[Data shown]:

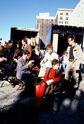 Cast between takes sitting on chairs outside Firehouse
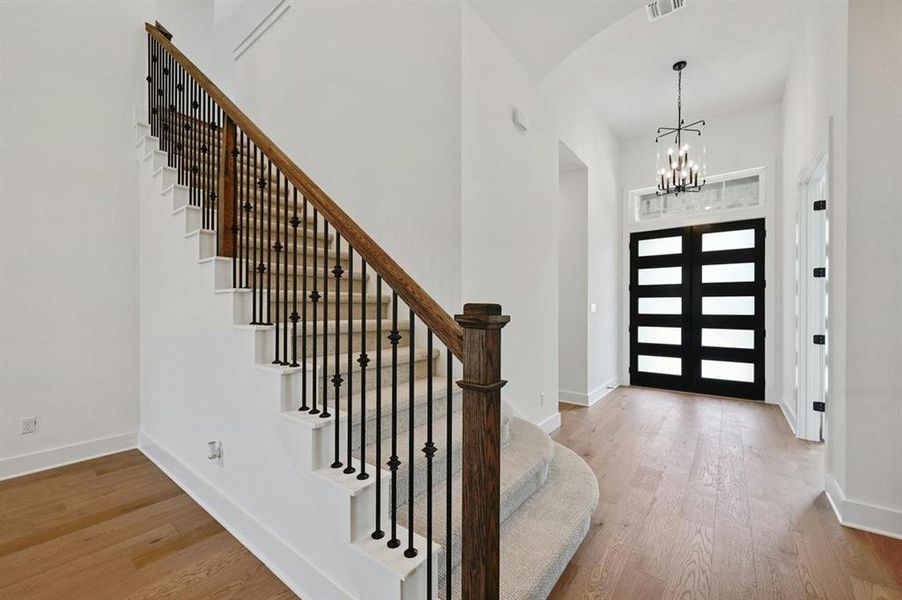 Foyer entrance featuring light wood-type flooring and a chandelier Foyer entrance featuring light wood-type flooring and a chandelier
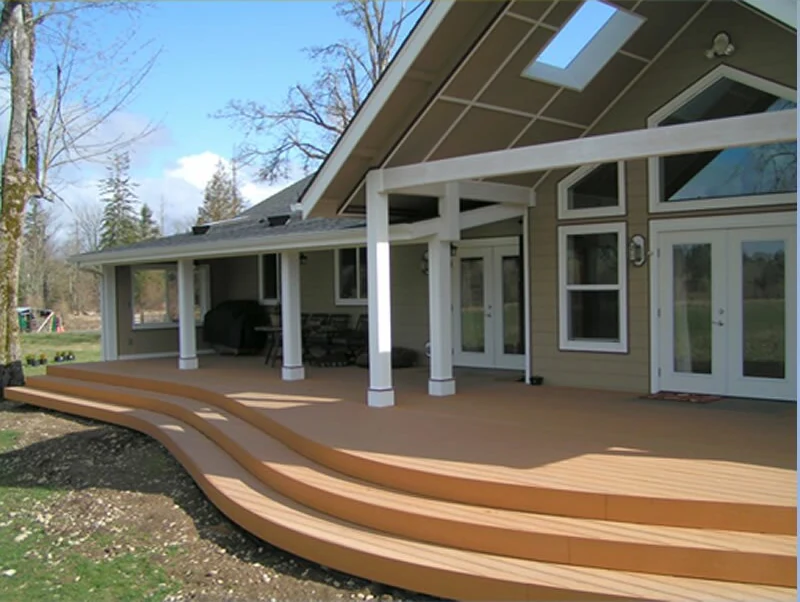 Full view of custom home and covered deck by Foley Construction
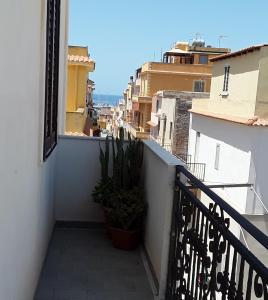 a balcony with a view of a city at Casa Mary in Lampedusa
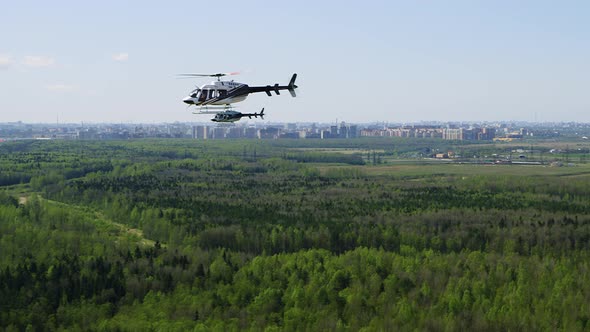 Two Modern Bell Helicopters with White and Black Coloring Fly in Parallel Over Highway Green Trees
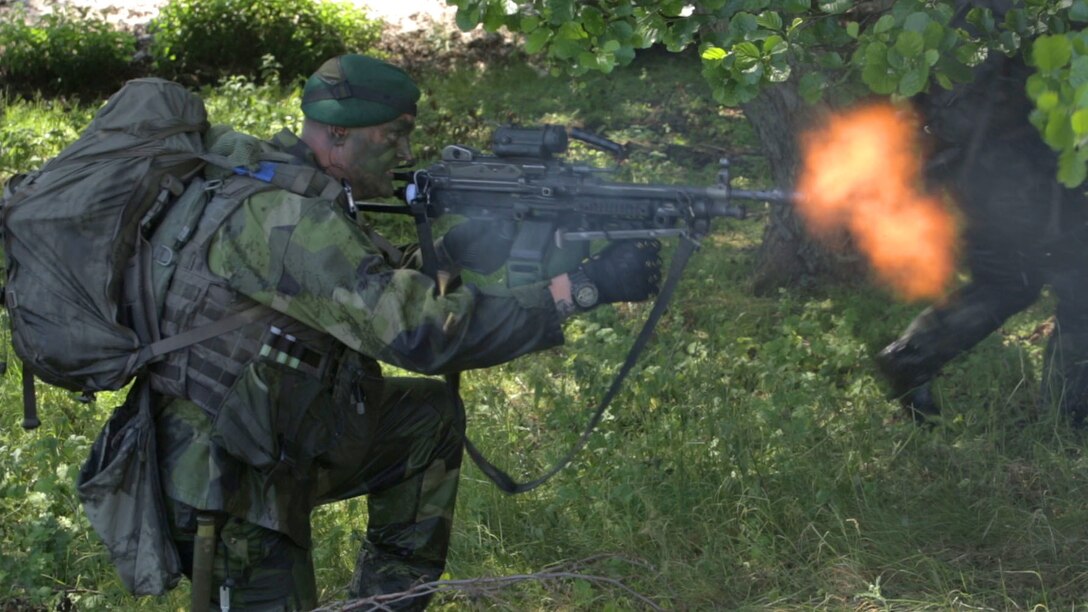 An international Corps of Marines from Sweden, Finland, and the U.K. conduct amphibious assaults on a beachhead in Ravlunda, Sweden, for local media outlets during BALTOPS 2015, June 13. The amphibious forces are part of 17 NATO Allies and partner nations that are integrated in air, land, and sea operations to improve their combined-force capability to work together and to respond to threats in the Baltic region.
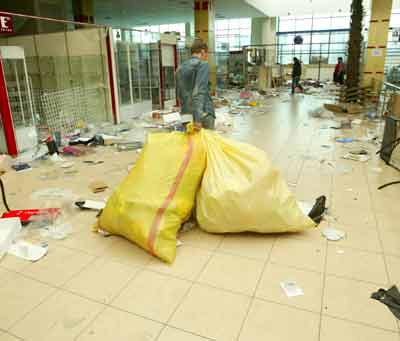 A Shop assistant drags bags through the debris of the shopping center in central Bishkek, March 25, 2005. A Kyrgyz opposition leader called for calm on Friday after protests that plunged into violence and looting and left the capital strewn with broken glass and blood. [Reuters]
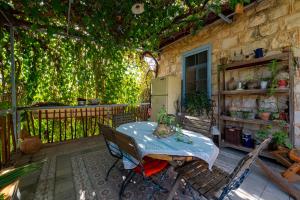 a patio with a table and a fence with vines at Hemdatya Stone Suites In The Galilee in Ilaniya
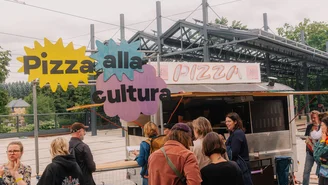 ein Pizzawagen im Freien, um den sich Menschen sammeln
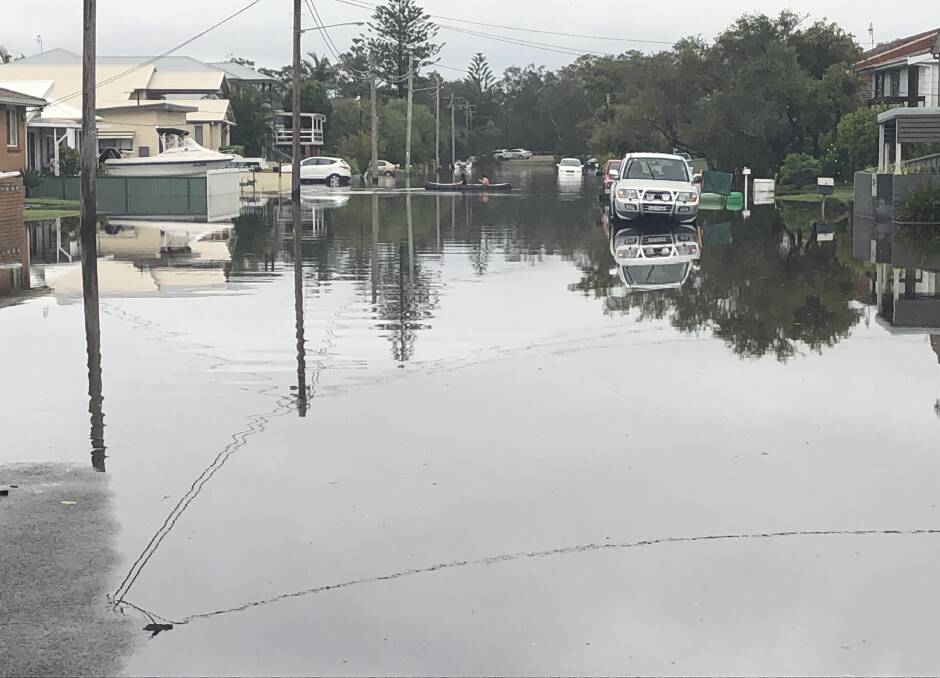 Flood: A road at North Entrance under water on Monday because of a flooded Tuggerah Lakes system. 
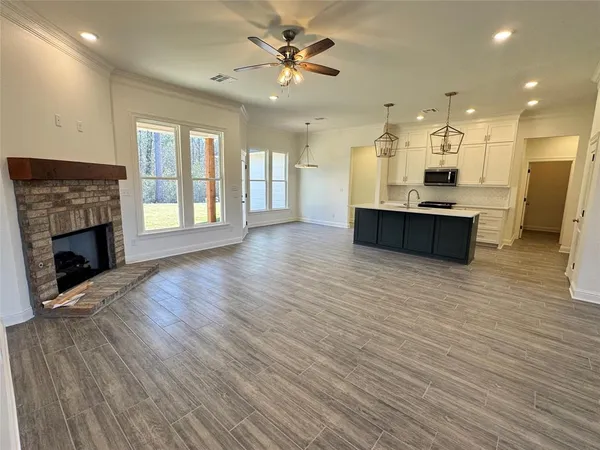 a view of a livingroom with a kitchen and a chandelier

[Aim of the exercise]: Apart from the pictures, set down all the entries above exactly.

[Task solution]:
 Cast between takes sitting on chairs outside Firehouse
 Foyer entrance featuring light wood-type flooring and a chandelier Foyer entrance featuring light wood-type flooring and a chandelier
 Full view of custom home and covered deck by Foley Construction
 a balcony with a view of a city at Casa Mary in Lampedusa
 Two Modern Bell Helicopters with White and Black Coloring Fly in Parallel Over Highway Green Trees
 An international Corps of Marines from Sweden, Finland, and the U.K. conduct amphibious assaults on a beachhead in Ravlunda, Sweden, for local media outlets during BALTOPS 2015, June 13. The amphibious forces are part of 17 NATO Allies and partner nations that are integrated in air, land, and sea operations to improve their combined-force capability to work together and to respond to threats in the Baltic region.
 A Shop assistant drags bags through the debris of the shopping center in central Bishkek, March 25, 2005. A Kyrgyz opposition leader called for calm on Friday after protests that plunged into violence and looting and left the capital strewn with broken glass and blood. [Reuters]
 a patio with a table and a fence with vines at Hemdatya Stone Suites In The Galilee in Ilaniya
 ein Pizzawagen im Freien, um den sich Menschen sammeln
 Flood: A road at North Entrance under water on Monday because of a flooded Tuggerah Lakes system. 
 a view of a livingroom with a kitchen and a chandelier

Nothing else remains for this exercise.